About this task> Output only the lines of the entries that follow, starting at the one with "robe marquise baroque" and running down to the one with "Blue Bloom Sympathy", both included and unchanged.

Given data>

==============================

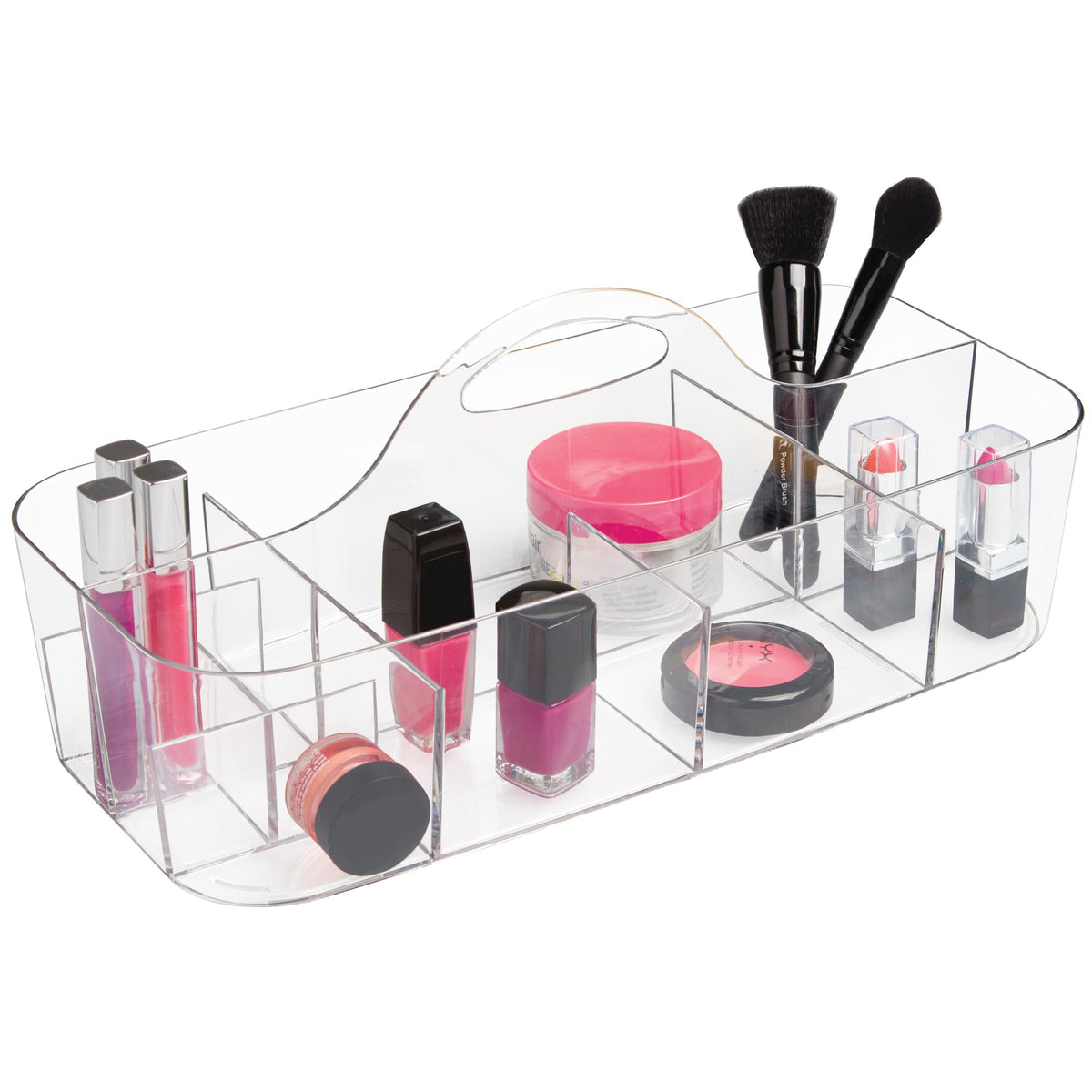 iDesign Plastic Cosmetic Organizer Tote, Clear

==============================

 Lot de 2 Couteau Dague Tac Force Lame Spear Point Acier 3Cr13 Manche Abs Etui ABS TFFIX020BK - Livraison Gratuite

==============================

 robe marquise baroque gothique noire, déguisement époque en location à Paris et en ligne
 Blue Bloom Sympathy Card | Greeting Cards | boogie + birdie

==============================

Output of the task>
 robe marquise baroque gothique noire, déguisement époque en location à Paris et en ligne
 Blue Bloom Sympathy Card | Greeting Cards | boogie + birdie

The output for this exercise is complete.